Former Astronauts Reflect on Historic First Moon Landing

Former Astronauts Reflect on Historic First Moon Landing

America to the Moon’ Part 9 – Men on the Moon

By Bob Granath

“Tranquility Base here, the Eagle has landed!”

With these words, American astronaut Neil Armstrong announced that he and Buzz Aldrin had become the first persons to travel to and land on another celestial world — 50 years ago.

Apollo 11 lifts off from the Kennedy Space Center on July 16, 1969. This double exposure to include the American flag was taken as the Saturn V launch vehicle flies toward space. The vapor that circles the rocket near its center is caused by the difference in temperature between the super-cold propellants and the atmosphere.
Apollo 11 lifts off from the Kennedy Space Center on July 16, 1969. This double exposure to include the American flag was taken as the Saturn V launch vehicle flies toward space. The vapor that circles the rocket near its center is caused by the difference in temperature between the super-cold propellants and the atmosphere. Photo credit: NASA

One of humankind’s greatest achievements, the Apollo 11 mission began with the July 16, 1969, liftoff of a Saturn V rocket from NASA’s Kennedy Space Center and set the stage for the historic lunar landing.

Following a July 21, 2014 ceremony to rename the Florida spaceport’s Operations and Checkout Building, or O&C, in honor of Armstrong, space center employees had an opportunity to hear from Apollo 11 crewmembers Mike Collins and Aldrin, along with then NASA Administrator Charlie Bolden and Kennedy Director Bob Cabana. They also were joined by former Gemini and Apollo astronaut Jim Lovell. The O&C is where Apollo spacecraft were prepared for flight and where the agency’s Orion capsule is being processed for future missions to the Moon and Mars.

As his fellow Apollo 11 crewmembers explored the lunar surface, Collins orbited the Moon in the command module. Commenting on the global impact of the first lunar landing, Collins recalled that he, Armstrong and Aldrin made an extensive trip around the world following the mission. The reactions of some were unexpected.

Apollo astronauts participate in a July 21, 2014 panel discussion held for employees at NASA's Kennedy Space Center. From left are center director Bob Cabana, Apollo 8 and Apollo 13 crew member Jim Lovell, Apollo 11 moonwalker Buzz Aldrin, Apollo 11 command module pilot Mike Collins and NASA Administrator Charles Bolden. Cabana and Bolden, both shuttle astronauts, posed the questions to which the panel members responded.
Apollo astronauts participate in a July 21, 2014 panel discussion held for employees at NASA’s Kennedy Space Center. From left are center director Bob Cabana, Apollo 8 and Apollo 13 crew member Jim Lovell, Apollo 11 moonwalker Buzz Aldrin, Apollo 11 command module pilot Mike Collins and NASA Administrator Charles Bolden. Cabana and Bolden, both Space Shuttle astronauts, posed the questions to the others. Photo credit: NASA/Kim Shiflett

“The thing that really surprised me was that everywhere we went people didn’t say, ‘Well you Americans finally did it,'” he said. “They said, ‘We did it.’ All of us together, we did it. It was a wonderful sensation.”

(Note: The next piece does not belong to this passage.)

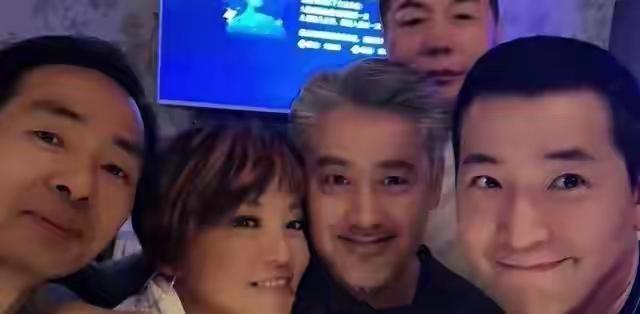 人呐，可不能有劣迹。当时吴秀波这个大叔看着还挺招人喜欢的，我追了他好多部剧，尤其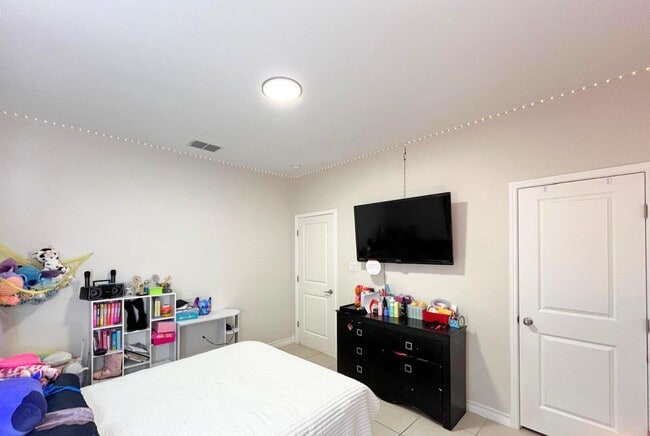 Building Photo - 1512 Latigo Lp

“The Eagle has wings,” said Neil Armstrong after the Apollo 11 lunar module separated from the command module, Columbia.
“The Eagle has wings,” said Neil Armstrong after the Apollo 11 lunar module separated from the command module, Columbia. Photo credit: NASA/Mike Collins

Lovell agreed, explaining his reaction after Apollo 11 returned to Earth.

“We did it,” he said. “We actually put people on the surface of the Moon.”

The July 20, 1969, lunar landing was the culmination of a goal set eight years earlier by President John F. Kennedy during the peak of the Cold War. It was a time of technological advances as well as global social and political upheaval.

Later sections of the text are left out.